Head to the next page to begin Exclaim!'s Top 5 Underrated Pop Bands list: 5. Garden Variety
On the edge of pop punk, Garden Variety were more in line with the "jaw" bands of the era (you know the ones), or a more streamlined Drive Like Jehu, with a sound that alternated between discordant angular post-hardcore and more simple pop punk, the latter influence shining through more on the band's earlier material. By the time Garden Variety released their swan song, 1994's Knocking the Skill Level, dudes were on fire. Too bad no one really cared enough to at least help put out the flames before the band went out with an unjust whimper.

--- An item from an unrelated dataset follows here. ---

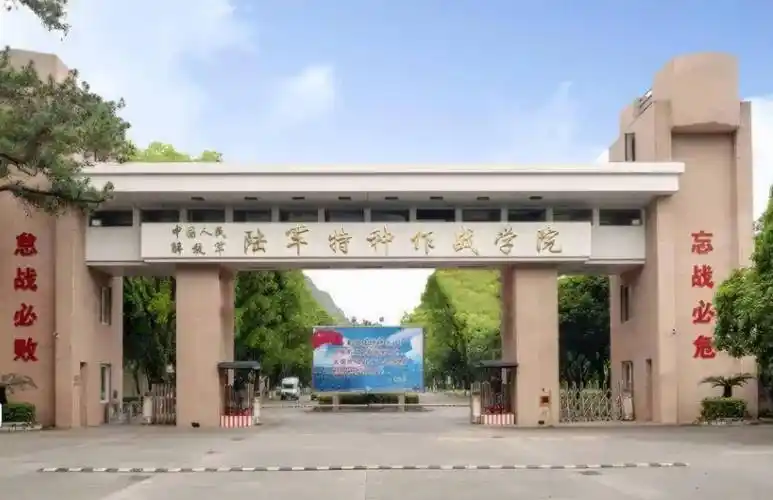 这所军校还是唯一的一个特种作战和情报侦查的高等学校,女生也可以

Hometown: Valley Stream, NY
Must-have album: Knocking the Skill Level
Members went on to: Bluetip, Retisonic, Vic Thrill, Radio 4 4. Horace Pinker
You know what was weird? When Horace Pinker put out a really great seven-inch on Fat Wreck Chords in 1995, Song About Selling Out, and then didn't do anything else with the label. It was pop punk's heyday, Horace Pinker were one of the great unknowns and then... they stayed that way. Big time. Their two songs off the 1994 split seven-inch with Face to Face stand as two of the best emo-tinged pop punk songs of all time. Amazingly, this band is still together, under the radar as always. Guess there's just no room in the scene for such a good, honest band.
Hometown: Tempe, AZ
Must-have album: Texas One Ten (but you must check out the two songs from the split seven-inch with Face to Face as well)

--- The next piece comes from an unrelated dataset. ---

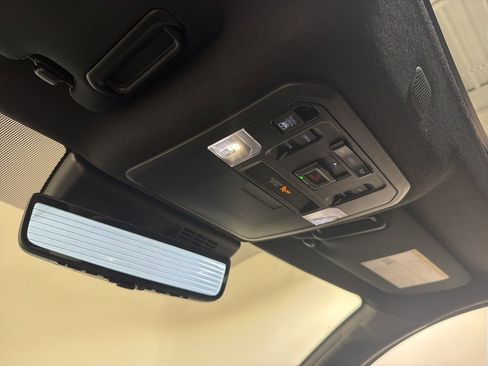 Used 2025 Toyota 4Runner TRD Off-Road Premium image 18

Members went on to: Horace Pinker! And they had ex-Jawbreaker bassist Chris Bauermeister on board for a while, too, so that's worth something 3. Gameface
This California band matured and grew up right in front of our eyes, record after record being more serious and less goofy-faced than the last. It made sense for anyone listening to them at the time, growing up right alongside them. These guys proved that catchy, killer pop punk can go hand in hand with earnest songwriting, and they proved it time and again, through different labels and scenes, in the end breaking up to the sound of one hand clapping after releasing a surprisingly deep and varied body of work. It all came under the general blanket of pop punk but, really, reaching far outside of the genre confines.
Hometown: Orange County, CA
Must-have album: Always On (Grab the Cupcakes EP while you're at it.)
Members went on to: New Liars Club, Your Favorite Trainwreck, Jeff Caudill 2. Knapsack
"Decorate the Spine," from Knapsack's sophomore album, Day Three of My New Life, is perhaps the most obvious bridge between pop punk and emo. So much so, in fact, that singer/guitarist Blair Shehan's next band, the Jealous Sound, never quite looked back upon the pop punk genre, instead embracing the bitter break-ups and broken hearts of emo. But it was Knapsack where Shehan cut his teeth, using bouncy riffs and speedier passages to foray his way into not only a more serious genre for his next band, but also a trip or two to the loony bin (seriously, an unstable Shehan disappeared in 2005 before resurfacing in 2009 for a Jealous Sound reunion tour with Sunny Day Real Estate).
Hometown: Redding, CA
Must-have album: This Conversation Is Ending Starting Right Now
Members went on to: The Jealous Sound, Samiam 1. Samiam
Formed after the break-up of Gilman Street quasi-legends Isocracy, Samiam were one of the first bands, along with Jawbreaker and Monsula, to bring a more serious, artful edge to the Berkeley pop punk scene. Combining the rough, scratchy vocals of Jason Beebout with the progressive chords of Sergie Loobkoff (the closest thing pop punk ever had to a guitar god), Samiam were equal parts melody and power. That they are still (somewhat) around today is both amazing and inspiring.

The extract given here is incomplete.